A selva também achou que era melhor dar-te descanso das mezinhas que sabiamente colectavas. Afinal, já a conhecias demasiado, e ela precisa guardar determinados segredos, não vá o mundo, aquele que não quiseste conhecer, de onde te escrevo, invadi-la para a devastar, como andam a fazer mais perto da cidade, em toda a Amazónia, a dias de distância de ti.
E, Sabá: é verdade o que se conta? Que nos últimos anos de vida tinhas alguém para te enxugar as lágrimas (choravas?) e para te embalar a rede quando sonhavas (o que imaginavas?). Que havia uma mulher, a “Cigana” que ninguém via? O povo, “rio abaixo” conta que não estavas “muito bom da cabeça”. E que a “Cigana” não existia; que foi uma invenção da (senil) idade que a solidão te trouxe por não aguentares tanto silêncio.

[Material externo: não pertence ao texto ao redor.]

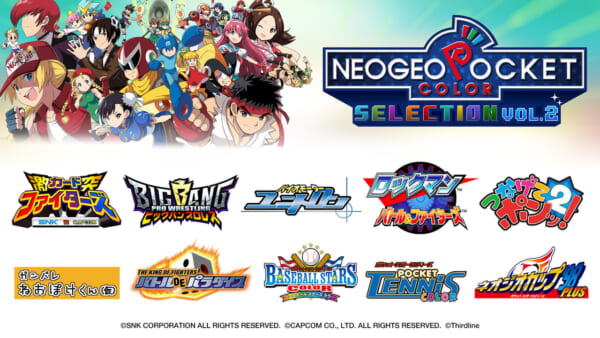 『NEOGEO POCKET COLOR SELECTION Vol.2』がNintendo SwitchとSteamで配信開始_003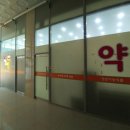 송우약국 이미지
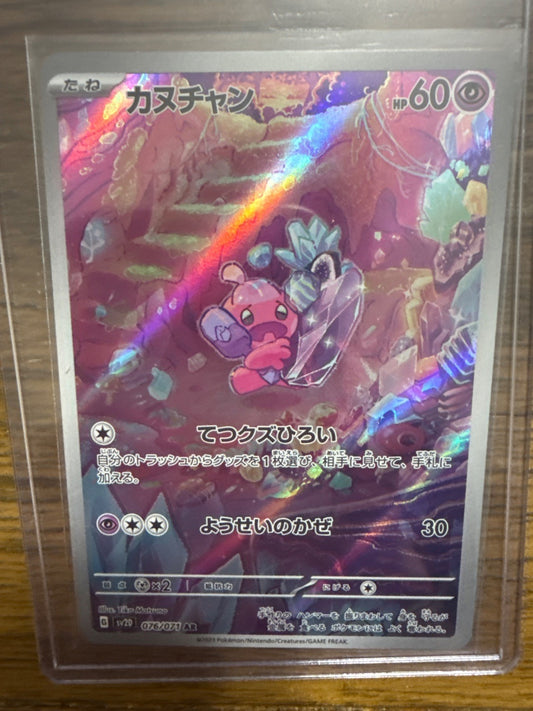Tinkatink #76 SV2D: Clay Burst Pokemon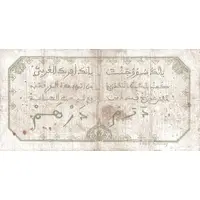 5 Francs without branch name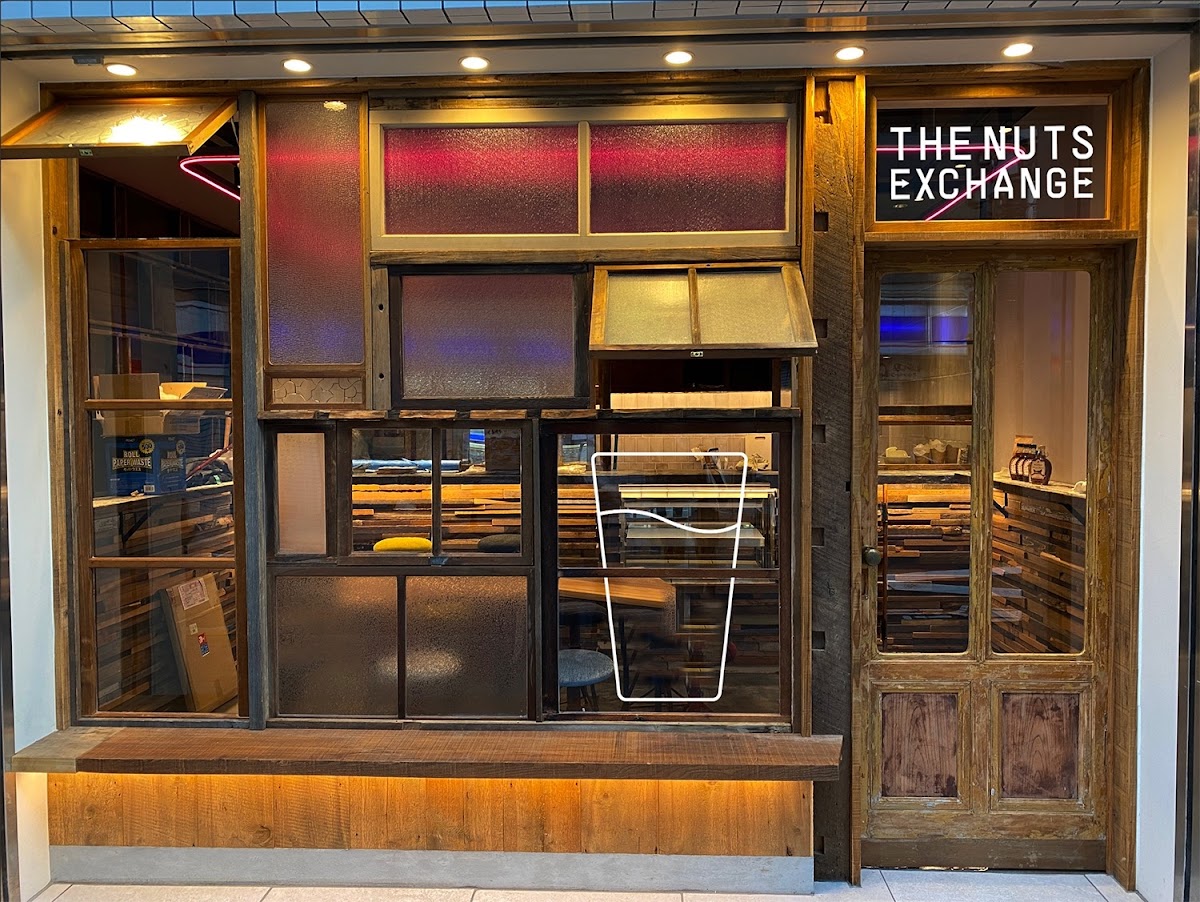 THE NUTS EXCHANGE – Vegan Cafe Tokyo interior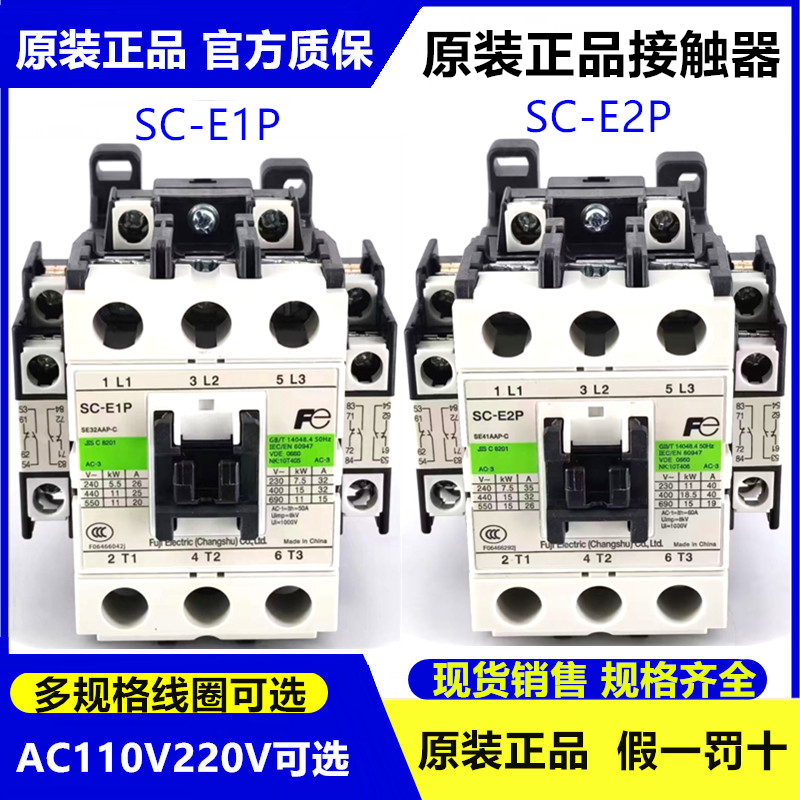 正品富士电梯交流接触器SC-E1P E2P E2SP E3P E4P 带左右双辅助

Sabá, eu sei que achavas que ninguém ia contar a tua história. E que ela, afinal, não é assim tão importante, como talvez achasses. Também sei que nunca saberás que a soube por acaso, já depois de teres morrido, e que a resolvi contar para que saibam que jeito é esse de morar na Amazónia, isolado, sozinho. Só que o meu mundo, esse acelerado, perdoa-me, quer saber de ti, para não se esquecer da importância do teu mundo.